We are a life being destroyed: already the teenagers stacked on motorbikes in Beijing, texting as they weave through traffic while chatting and listening to music, cannot understand how it takes us so long to say anything or why we should want a bit of quiet while writing out our over-long notes, some more than 140 characters, to one another.

Sophie Scholl, of the White Rose resistance group; killed February 22, 1943.
Clive James, despite his atheism, wrote that Sophie Scholl “was probably a saint” and compared her to Jesus Christ; her face on German postage stamps is as great a symbol of transformation as Saul’s conversion, a demonstration that neither a state nor a human is ever beyond redemption.
There is some question, however, as to whether every member of our species remains human; in their spellbound, somnambulistic stupor, the Germans of the 1930s and 1940s can be said at the very least to have permitted as inhuman a machine as was imaginable  to assemble itself from their institutions and indeed their very body politic: the infernal Nazi state which defies credulity and has thus become myth.

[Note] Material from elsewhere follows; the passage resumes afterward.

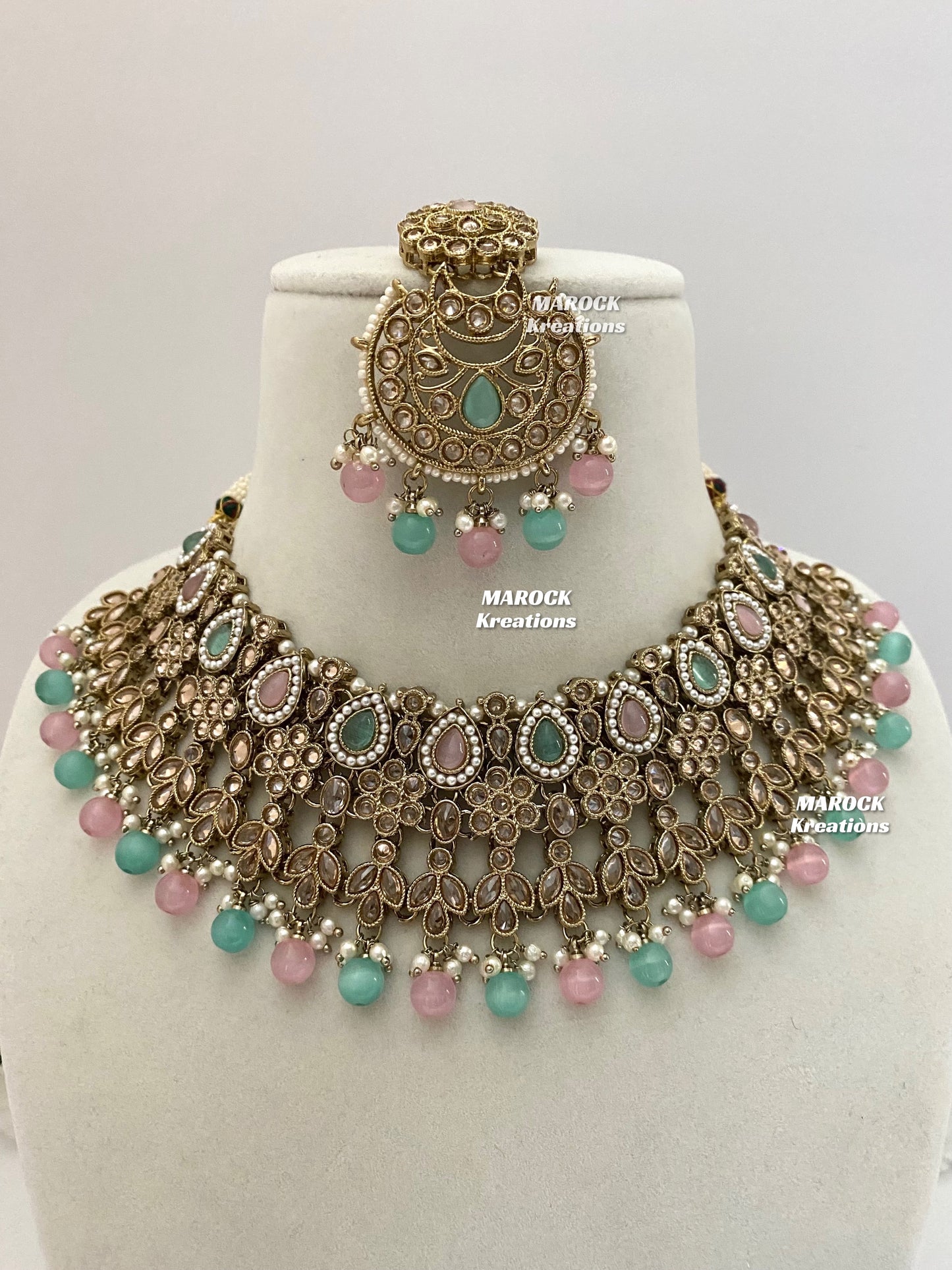 Antique Gold Pink/Mint Polki Choker set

We feel that the Germans, the Wermacht, the Nazis, the Gestapo, must have been monsters, not ordinary typical humans as we are.
Whatever they were, there were few dissenters in their midst; and even if one objected to Nazism, one knew one could do nothing; and had one a family, what would running out into the street to be shot down by the SS as they came to capture one’s neighbor do anyway but assure that one’s child, too, would die in a camp, or at least be orphaned? Against sufficient power, morality is purely sacrificial; even if we can accept this for ourselves, can we accept it on behalf of others who need us?
Perhaps this is why the White Rose was comprised of the young, though not exclusively. A small, hopeless band of Germans who resisted the Nazi regime, they engaged in the simple, chiefly symbolic act of circulating essays which attempted to wake readers from the sociopathic trance in which they seemed to have been lulled by Hitler.

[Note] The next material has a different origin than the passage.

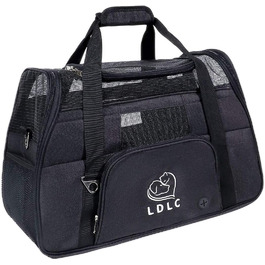 Чорний переносна сумка-переноска для котів та собак з підкладкою з флісу та сіткою, велика місткість, з плечовим ремінцем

That students, powerless and doubtless aware that they faced assured death were they caught, turned to the essay as a means of protest is significant; they were using the expression of the West’s cultural heritage, its literary and rational tradition, as means to combat the negation of that heritage: irrational authoritarianism:
It is impossible to engage in intellectual discourse with National Socialism because it is not an intellectually defensible program. It is false to speak of a National Socialist philosophy… At its very inception this movement depended on the deception and betrayal of one’s fellow man; even at that time it was inwardly corrupt and could support itself only by constant lies. After all, Hitler states in an early edition of “his” book (a book written in the worst German I have ever read, in spite of the fact that it has been elevated to the position of the Bible in this nation of poets and thinkers): “It is unbelievable, to what extent one must betray a people in order to rule it.”
In their leaflets, which quoted Goethe and Aristotle, they argued both for intellectual resistance and for sabotage, and called attention to the slaughter of the Jews, the Poles, and others, asserting every argument against the Nazi machine they could muster: on theological, practical, political, patriotic, historical, artistic, and moral grounds they fought the lies of propaganda and the delirium of the trance-state.
As they surely knew would happen, they were caught; in 1943, all were arrested by the Gestapo, tried, and executed. There is a great deal more about their story here; it is as moving as anything I know. As one playwright noted:
The fact that [these] little kids, in the mouth of the wolf, where it really counted, had the tremendous courage to do what they did, is spectacular to me. I know that the world is better for them having been there, but I do not know why.
The emphasized last line seems crucial to me; I can only suggest that in their sacrificial courage, their refusal to abrogate their innate moral duty -which tens of millions of their peers had happily neglected-, and their sagacity despite their youth, the White Rose confirm that there was the finest sort of humanity even in the midst of that infernal machine. Maybe it is that they remind us that heroism is possible for all.
(Note: I’d written and abandoned dozens of posts about them several months ago while briefly fixated by ideas about morality, resigning myself to the customary sense of oafishness one feels when speaking of the very precious, but was reminded of them again by the eminent B. Michael’s note about Holland, 1954, a Neutral Milk Hotel song which mentions them. It isn’t surprising that Jeff Mangum alludes to them; one can easily grow as obsessed with the White Rose as with Anne Frank, and I find it hard not to search photos of Sophie Scholl for signs of her core, the source of her heroism, the looming loss).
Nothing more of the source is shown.